The Republican National Committee has taken renewed interest in Colorado.
Rep. Cory Gardner has stepped in to challenge incumbent Democratic Sen. Mark Udall and former congressman Bob Beauprez has stepped up to take on Gov. John Hickenlooper, both considered better prospects than the previous GOP frontrunners.
The RNC is hiring more than a dozen new employees, bringing to 20 the number of national field workers in the battleground state, according to the Associated Press. The organization will also open 12 field offices and plans to have more people working to topple Democrats than during the 2010 election.
Gardner’s entry into the Senate race brought him neck and neck with Udall, according to a new Rasmussen poll. And Beauprez’s campaign has even been applauded by frontrunner Tom Tancredo, who said he would drop out of the race if it became clear that another candidate had the momentum to beat Hickenlooper.

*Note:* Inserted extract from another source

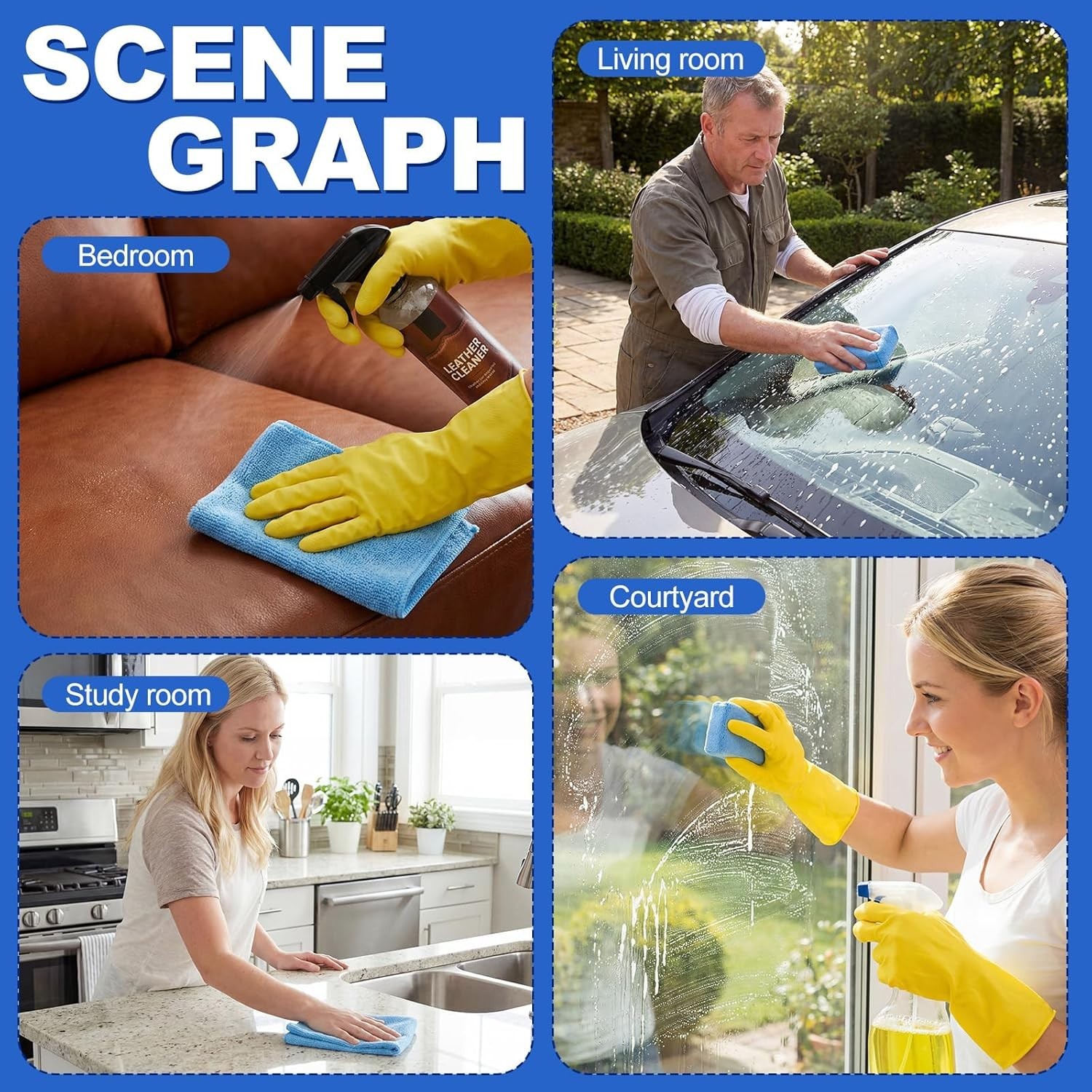 24 Pcs Microfiber Applicator Pad Kit Include Non Scratch Car Wash Sponge and …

Democrats, meanwhile, are on the defense in Colorado. Udall, in particular, is vulnerable for his support of the Affordable Care Act, especially in light of emails that came to light recently in which some state Division of Insurance employees complained that they felt pressured by Udall’s office to back off on reporting that 250,000 Coloradans had their policies cancelled.

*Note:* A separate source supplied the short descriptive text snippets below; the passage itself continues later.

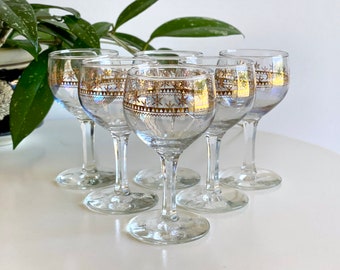 Crown Crystal Glass (Australia) Wine Glasses (set x6)
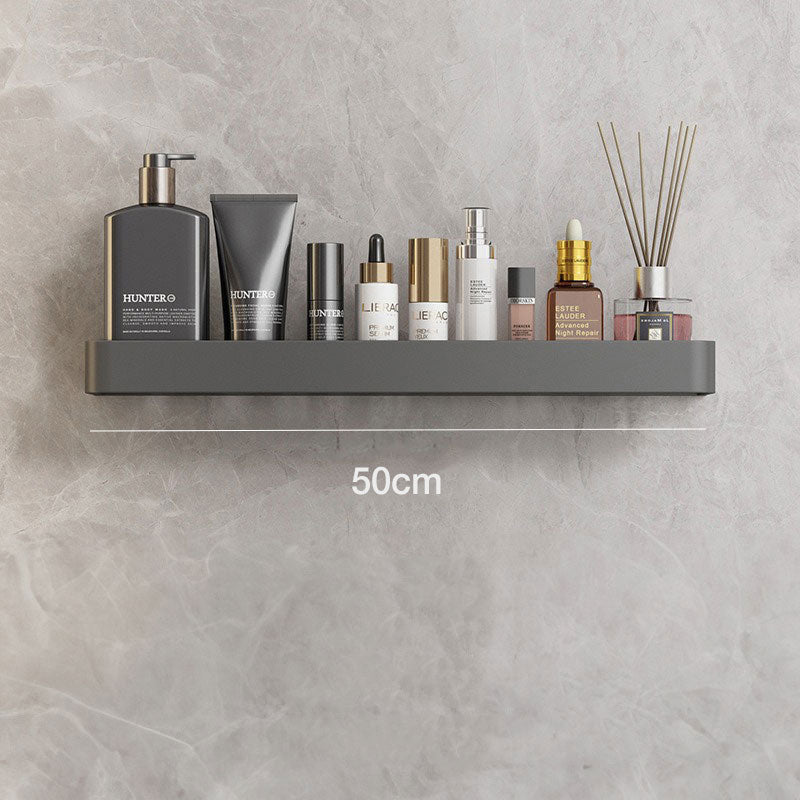Sleek White Bathroom Shelf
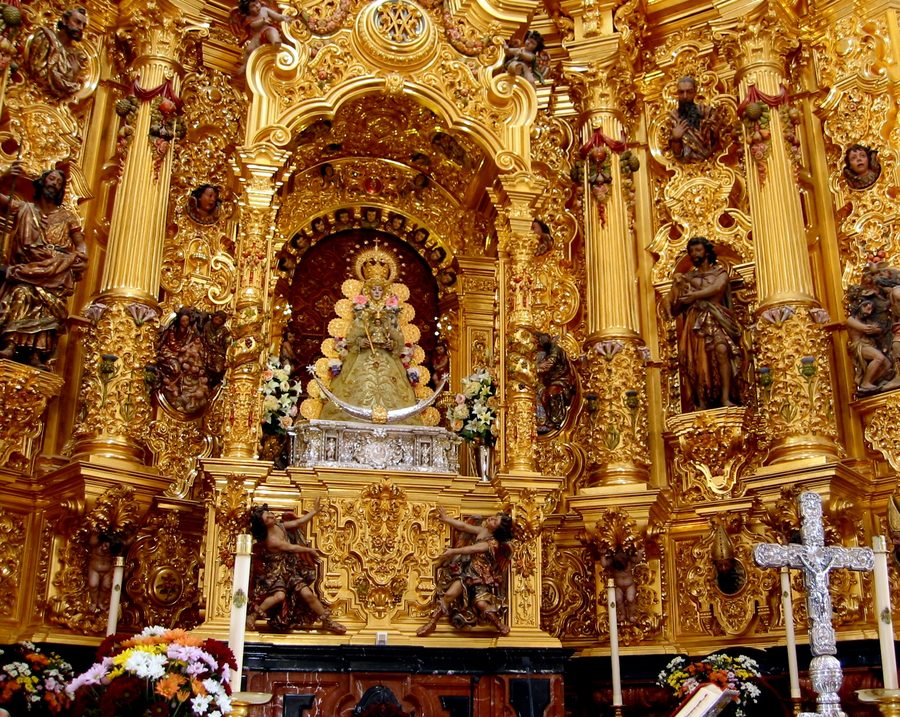 Autel avec la Virgen del Rocío à El Rocío près d’Almonte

He also differs from most Coloradans on the Keystone XL pipeline — he opposes it, while 66 percent of voters polled recently support building it.
Hickenlooper fared better during the most recent poll, which was released in February. It showed him with a 52 percent job approval rating and a comfortable lead over a gaggle of GOP candidates. But the Quinnipiac University poll was conducted before Beauprez entered the race.
Anecdotally, Republican officials said the shuffle in the races has energized the base in Colorado, with more people signing up to attend the party caucuses last week and an uptick in donations.
“Senator Udall and Governor Hickenlooper are extremely vulnerable, and the RNC is making a serious investment across Colorado to defeat them in November,” RNC spokesman Ryan Mahoney told the AP. “This is a new and improved, precinct-level, data-focused get-out-the-vote effort, that in coordination with Colorado GOP will elect Republicans across the state.”
Republicans have no shortage of ammunition with which to take aim at their Democratic opponents. The state legislature, controlled by Democrats in both chambers, consistently made national headlines last year over divisive issues like gun control, energy regulations, civil unions and immigration. Rural Coloradans in 10 counties, having felt marginalized by politicians in Denver, even voted on whether to secede and form a new state.
The GOP hasn’t won an election in Colorado for governor or senator since 2002. That was the year Bill Owens was elected governor and Sen. Wayne Allard was re-elected.